Ledgers and lists have always been a part of businesses. The ancient Phoenicians invented the modern alphabet in order to manage their business transactions. Even civilisations that relied on word of mouth still devised complex systems to record and track assets, such as the intricately knotted strings used by South American Incas.
This practice became electronic in the early Eighties when the first spreadsheets arrived – and they changed the world. Today it is a matter of pride and precision to wield a spreadsheet’s full potential, augmented with powerful tools such as pivot tables. In fact, over a billion people are said to use Excel spreadsheets and this humble format can be found at every level of a company, not to mention in our personal lives as well!
Spreadsheets are particularly useful for risk-related analysis. Information is tallied and shared across different departments, fed through formulas and weighed to get the best result. The spreadsheet has grown from its humble start 35 years ago into a fulcrum of great business practices.
Alas, every great tool has its limits and we are increasingly seeing the spreadsheet at its wit’s end. Even though they are very useful for initial listings of risks in an organisation, they can’t keep up with the demands of the general process.
Think about it: how often do risk managers sit and work out the conflicts between spreadsheets supplied from different sources? Spreadsheets are still contextual and susceptible to human error. When it comes to bringing everything together in one meaningful truth, spreadsheets actually demand plenty, yet often still don’t deliver a conclusive answer.
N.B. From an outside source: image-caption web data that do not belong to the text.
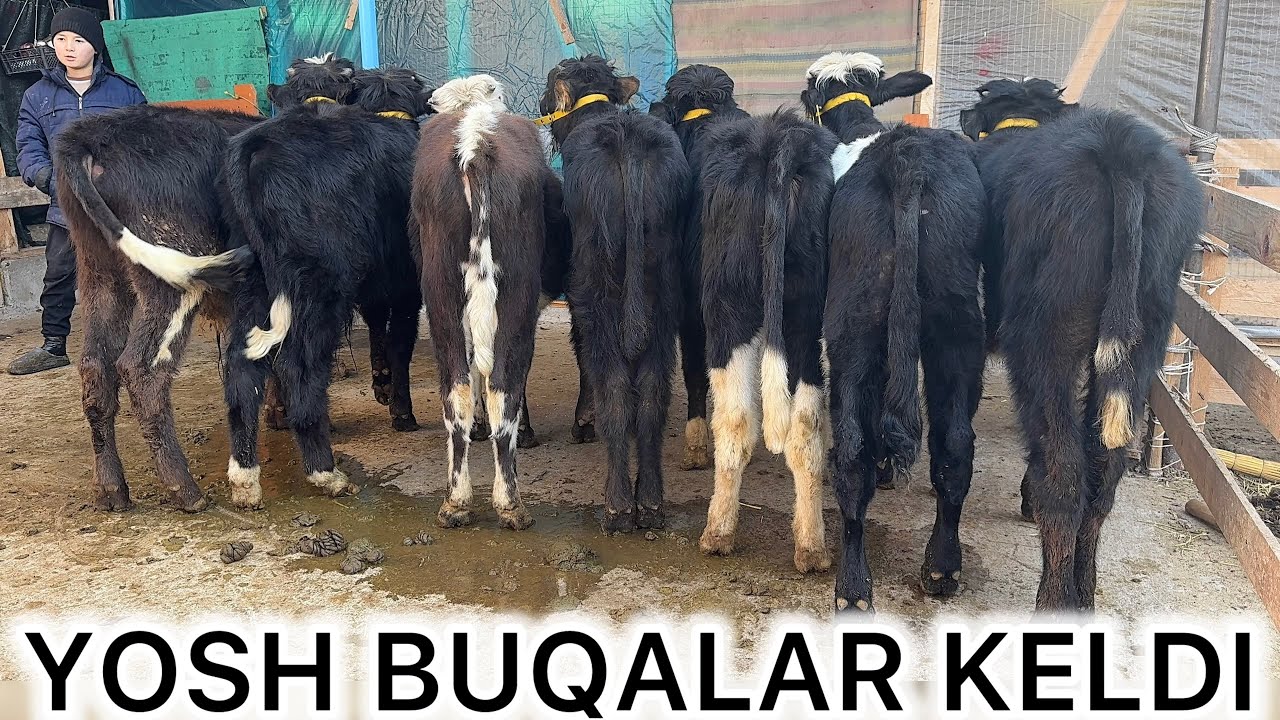 ABDURASHIDGA ARZON BUQALAR KELDI 😱 SHOSHILING — SHOK NARH!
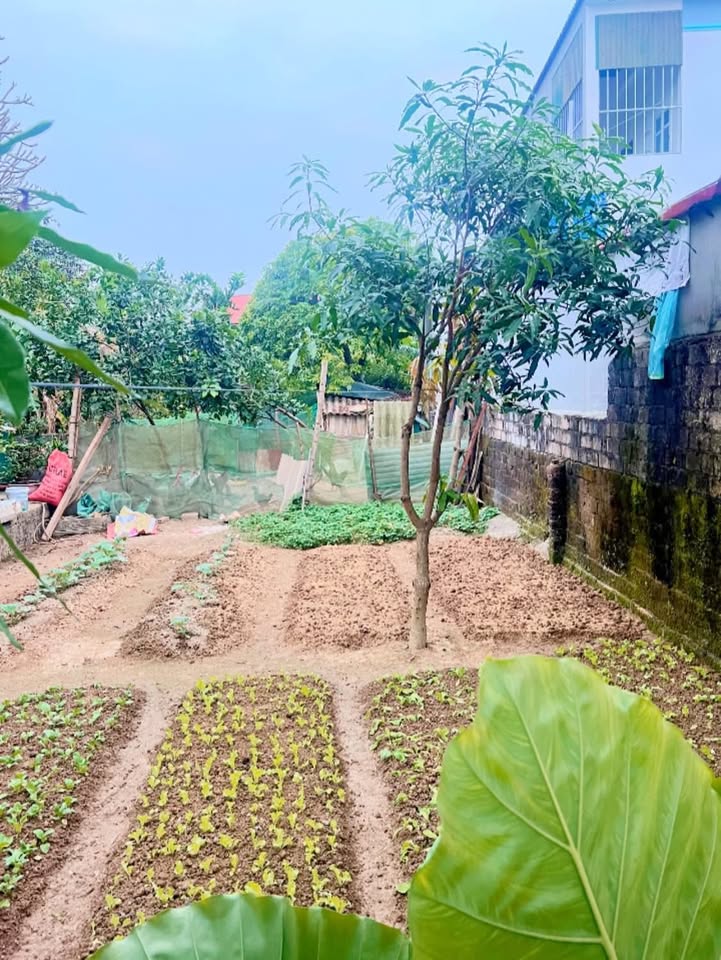 Đất thổ cư Vạn Hòa 117m² - Gần cổng chào thôn Tân Dân, giá thỏa thuận!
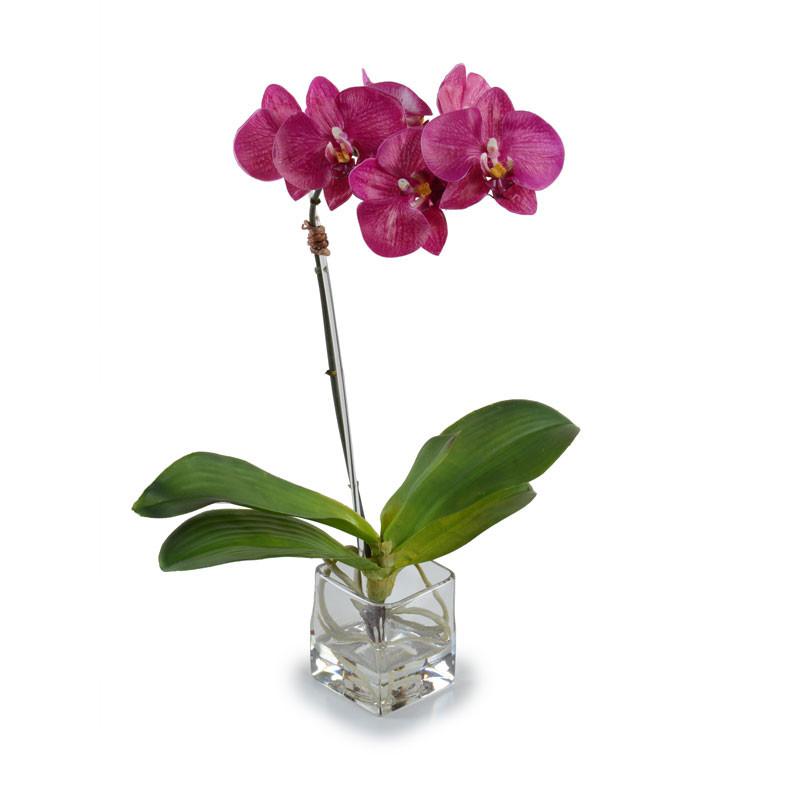 Phalaenopsis Orchid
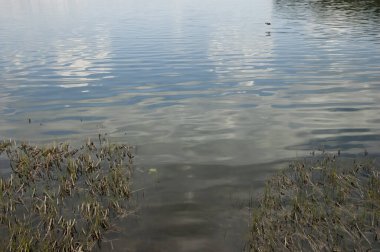 Hafif dalgalı sakin su mavi gökyüzünü yansıtır, ön planda sazlıklar vardır.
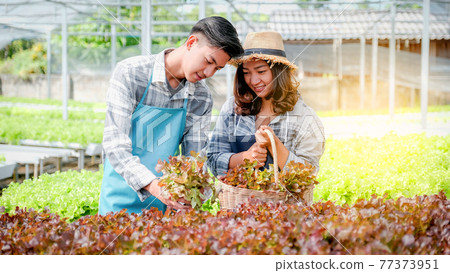 Farmer harvesting vegetable organic salad, lettuce from hydroponic farm for customers Farmer harvesting vegetable organic salad, lettuce from hydroponic farm for customers 77373951
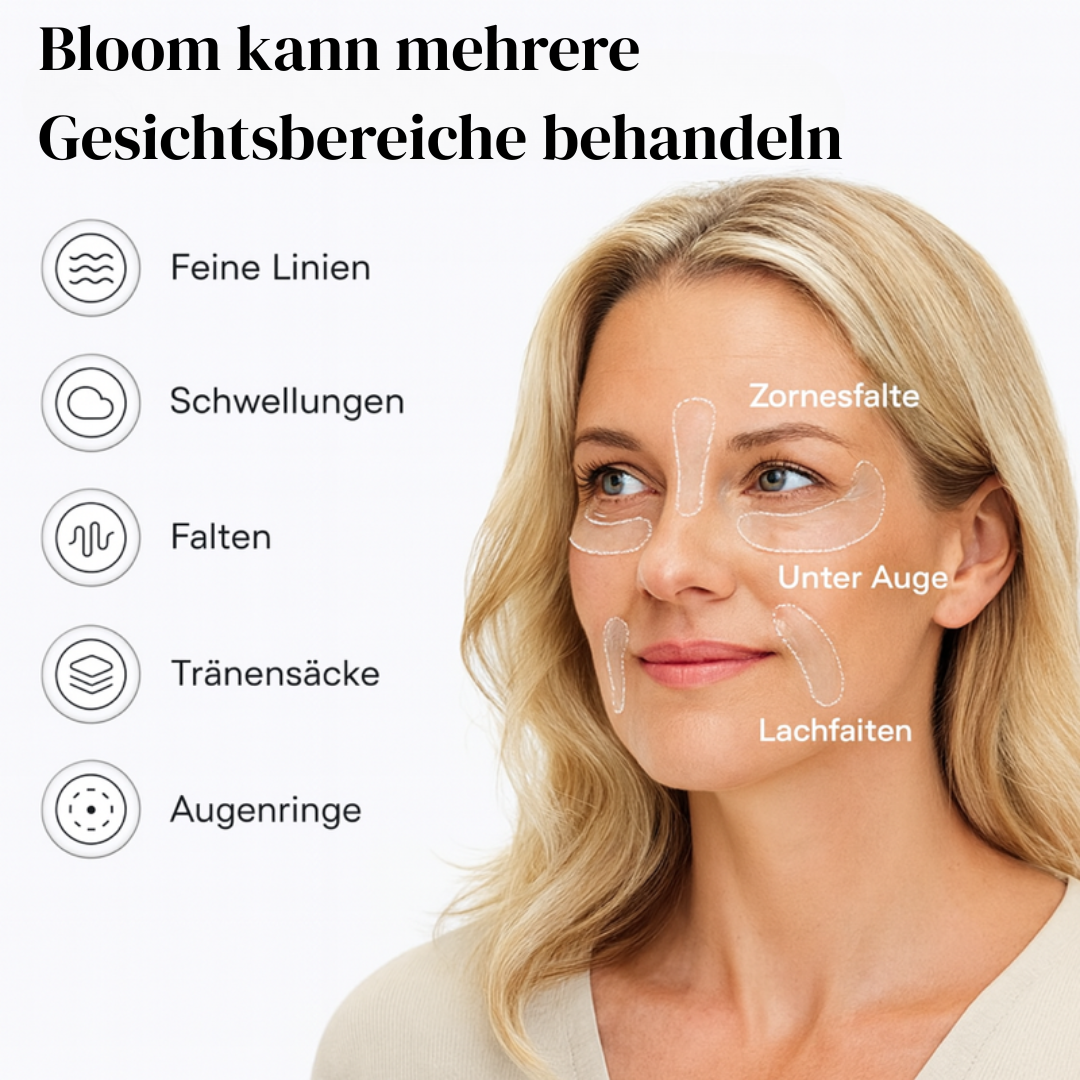 Bloom (6x Pack)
But that is not the end of good risk management – nor of the spreadsheet. If a business uses a risk data integration platform such as Riskonnect, it is able to have the best of both worlds. Disparate spreadsheets can be imported into the platform by their respective creators, which is balanced to take their individual ratings in mind. That same platform can also draw on other data sources, balancing everything to present one coherent view of a company’s risk-and-response landscape.
Getting this started isn’t even a massive leap. By using the power of cloud and data integration, anything from spreadsheets to incumbent business systems can be made part of the process. Best of all, it’s not solely on the risk managers – all parts of the business can participate. This frees up valuable time, speeding up processes to consider risk solutions and cuts through mountains of conflicting paperwork!